Hello World,
Just some things I want you to know about me. I don’t go to church. But I do believe and have a very strong relationship with the man upstairs, and my guardian angels. I pray every day. Multiple times a day. I believe in thanking God and the universe for everything I have, AND for everything that I don’t have. I believe in signs. I believe we all have a higher purpose and that everything happens for a reason, although most of the time we have no idea what it is. And I believe that we are all here to help each other learn lessons while we are here. And I strongly believe in the power of prayer. I’ve seen it work miracles in my own life, and in the lives of others.
That being said, I had lunch with a friend today, and she prayed over me, thanking God, and asking for blessings over all of us who have been affected by drug/alcohol addiction. She then said “and dear God, please pray for Brendalee and her broken heart, for she has been through and suffered so much”…..
and I burst into tears.
I have never told anyone… anyone…my friend at lunch, my best friend, my closest friends, my family, no one…I have NEVER told anyone just how broken my heart is, or what I’ve exactly gone through.
You, world….you’re different, because as of right now, you’re strangers to me…no faces, no personality, you’re safe. You understand because I hope it’s so. I don’t feel like I’m risking anything by “telling all”. I have nothing to lose. But “real people”…that’s a different story.
The entire time I was going through his addiction, I told NO ONE. I justified his actions and my reactions. I made it “OK” in my head because that’s what I wanted, and sometimes needed, just to get through another day. I NEVER told anyone about the episodes when you’re crying that deep, gut-wrenching cry when someone you love so dearly dies, and you first hear about it. I NEVER told anyone that sometimes I would cry myself to sleep. I NEVER told anyone that sometimes I would pray that he would overdose and die just so I wouldn’t have to go through it anymore, and then apologize profusely and pray that it wouldn’t happen because then I’d be so guilty of his death. I NEVER told anyone that sometimes I would pray that I wouldn’t wake up, because I just couldn’t take it any more.

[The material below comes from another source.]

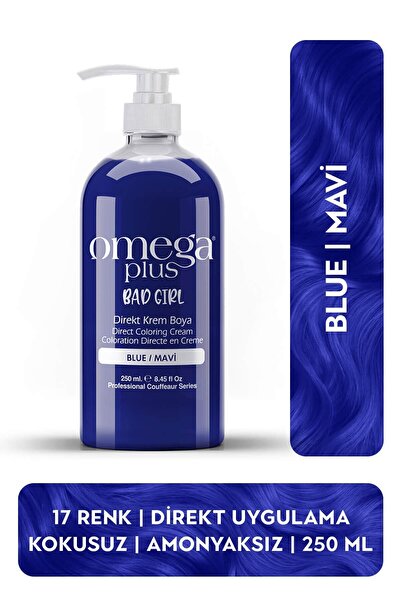 Omega Plus Bad Girl Mavi Geçici-renkli Amonyaksız Saç Boyası 250 ml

I NEVER told ANYONE. NOONE. EVER. And if anyone caught me crying, and asked “what’s wrong”, I’d downplay it. No one really wants to hear it, right? And how could they even begin to understand? I just couldn’t take that chance. So I swallowed it. I buried it. I prayed and prayed and shoved it into the deepest, darkest, place I could find and concentrated on not dealing with the pain that was there. And became guarded. Cautious. Terrified. And I got used to “brushing it under the rug” and not dealing with it. And eventually I forgot about it. I forgot how wounded I was, how broken I was, because the pain was buried SO deep..and I convinced myself that I was fine.

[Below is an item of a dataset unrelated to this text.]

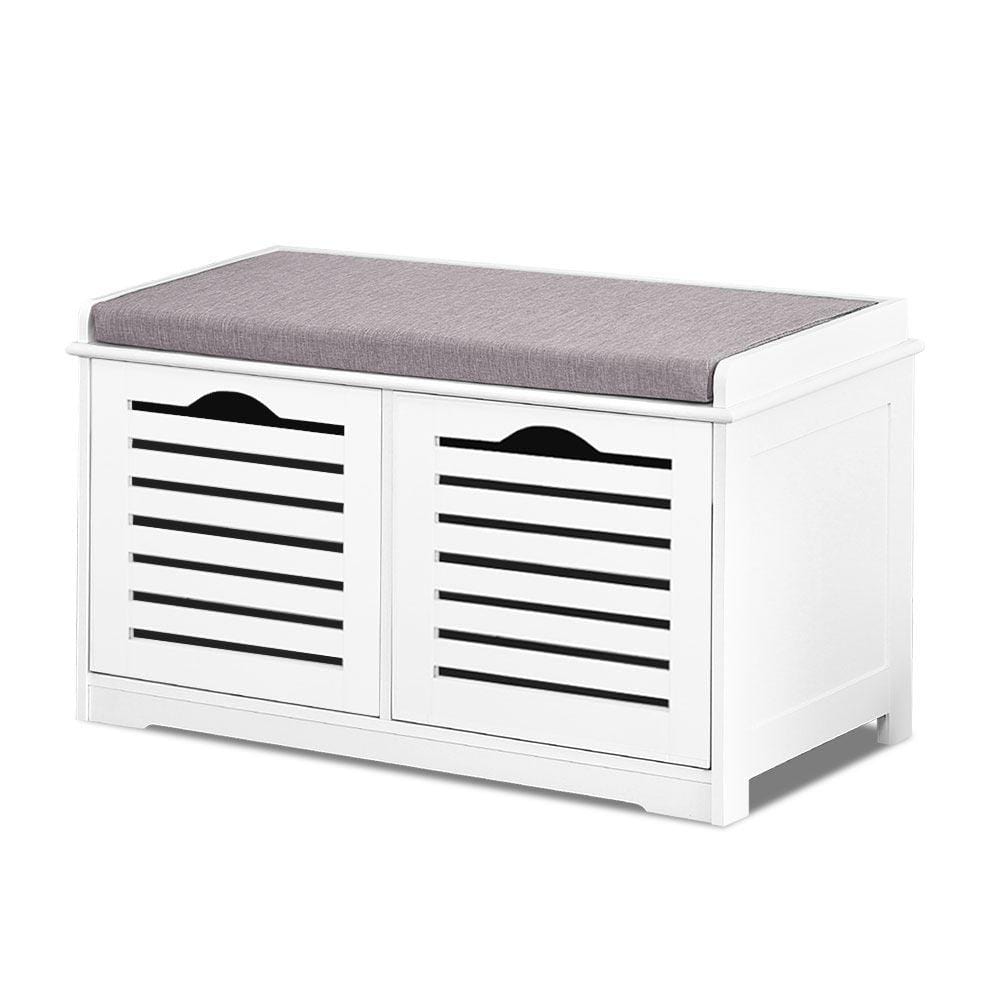 Artiss Fabric Shoe Bench with Drawers - White & Grey - Newstart Furniture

And yet, here was my friend – not even a close friend, really a colleague, who somehow knew that my heart had been broken. She somehow knew my deepest darkest secret. And by her saying those words…”her broken heart”…it just RIPPED the pain out of that forgotten darkness so quickly, and out into the light that I felt like I had been impaled, for all the world to see.
And now it’s out in the open. To me.
And now to you.
I STILL won’t tell anyone I know. It’s too personal. It’s too private. If they happen to read this, I hope they understand. (especially my mother) This is NOT something that you share with anyone you know that hasn’t/isn’t going through it themselves. It just isn’t.
So now what?
I don’t know. I don’t have any answers. I’m not a professional counselor, so I can’t even take my own advice. I’m just an ordinary woman who has gone through a terrible, life changing experience, as you may have, who got so desperate for help that I created my own.
But I DO know (for myself) that I don’t want to bury the pain and grief anymore. I don’t want to hold onto it anymore. I want to get rid of it. And unfortunately, the ONLY way to do that is to deal with it. Talking about it. Feeling it. Grieving the loss of me, as I used to be. And it’s going to hurt. A LOT. But when I do get rid of it, it will be GONE. And I’ll probably be open to new pain. but at least then there will be room for it, and I’ll be able to deal with it when it comes, like I used to be able to do. Dealing with layers and layers is SO much harder than one layer at a time when it comes.
I’m still trying to find my new “normal”. And I have a sneaky suspicion that I won’t be able to fully do that unless I deal with this first.
So….on our very first support group meeting, on Saturday, March 28th from 9-11 am, I am going to do just that…open up and tell my story. Share my grief. Spill my guts. Roar with anger. Groan with guilt. Sob until I can’t stand anymore. I will be vulnerable and tell all. The good, the bad, and the very very ugly. And I will being to heal…and I pray that others will begin to heal with me.